ISLAMABAD, July 11: The government on Thursday signed a formal agreement with Pakistan Petroleum Limited (PPL) that would allow the country’s largest gas producer to operate on a market based gas price formula.
This brings PPL pricing system at par with other local and foreign exploration and production companies and would replace the existing gas price agreement (GPA). Under the old agreement of 1982, PPL was operating on a fixed rate of return under a cost plus formula and was subsidising the gas sector.
This is part of a decision the federal cabinet took early March this year for gas tariff rationalization through elimination of cross subsidies in a phased period of three years and allowed dismantling of PPL’s 1982 gas price agreement.
The decision immediately pushed gas prices up by 8 to 20 per cent for all consumers with effect from March 1, 2002. The dismantling of 1982 agreement necessitated a new market based pricing agreement that became legally effective from July 11, 2002.
The agreement was signed by secretary petroleum M. Abdullah Yousaf on behalf of the government of Pakistan and PPL was represented by managing director PPL Munsif Raza.
The federal government is holding 93 per cent shares of PPL while remaining 7 per cent shares are jointly owned by international finance corporation and handful of private sector shareholders.
PPL is currently producing 800 million cubic feet of gas per day (mmcfd), which comes about 40 per cent of the total gas supplies to the main gas transmission network. The company has now been allowed to operate purely on commercial basis and take decisions independently.
The government is following a policy of deregulation of the petroleum sector under the guidelines from the World Bank and the International Monetary Fund under the structural adjustment credit (SAC).

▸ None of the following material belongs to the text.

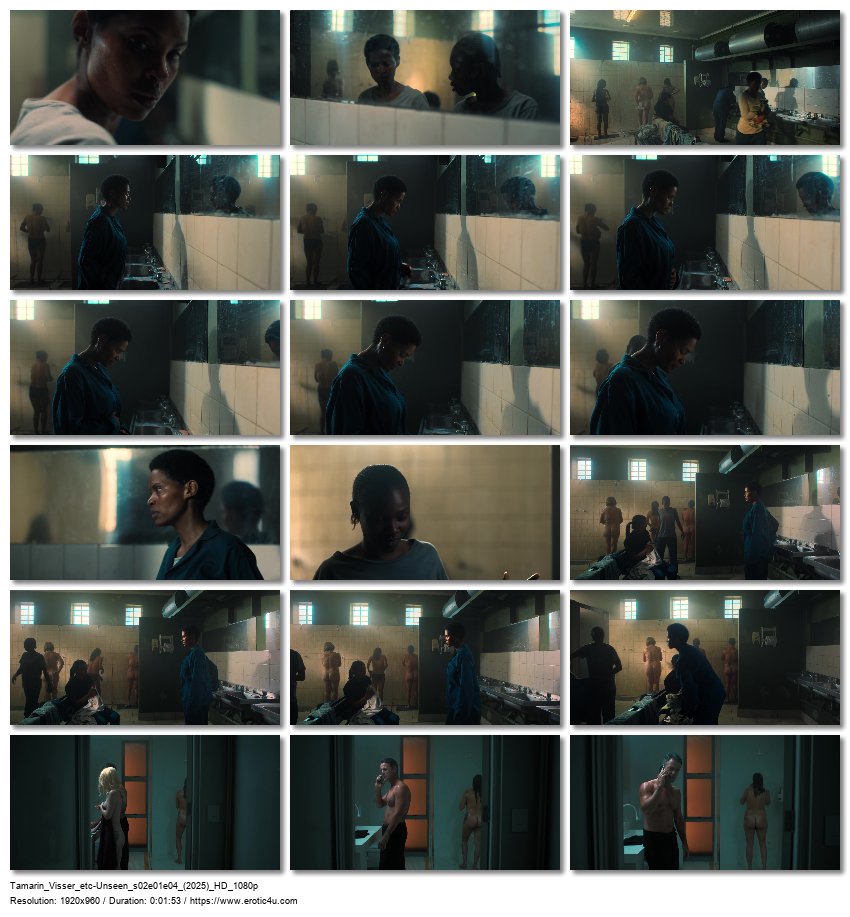 Preview for Unseen (series)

Under the three-year phased programme, the natural gas tariff will go up by an estimated 70 to 130 per cent and remove an annual subsidy of around Rs46 billion.
This means that gas prices would increase on March 1 and September 1 every year till 2005 by an average 15 to 20 per cent. The next tariff revision would take place on September 1, 2002.
Balochistan has been protesting over decline in gas development surcharge and royalty payments to it and the revised GPA with PPL at higher rates would increase provincial share significantly because royalty is calculated on 12.5 per cent of the total well head price.
From now on, the gas prices would be based on well-head price plus transmission and distribution cost plus return to utilities and above all the 15 per cent taxation. The prices would revised every six months and cost of service will be the basis for tariff which means that bulk of consumers would be provided gas at cheaper rates.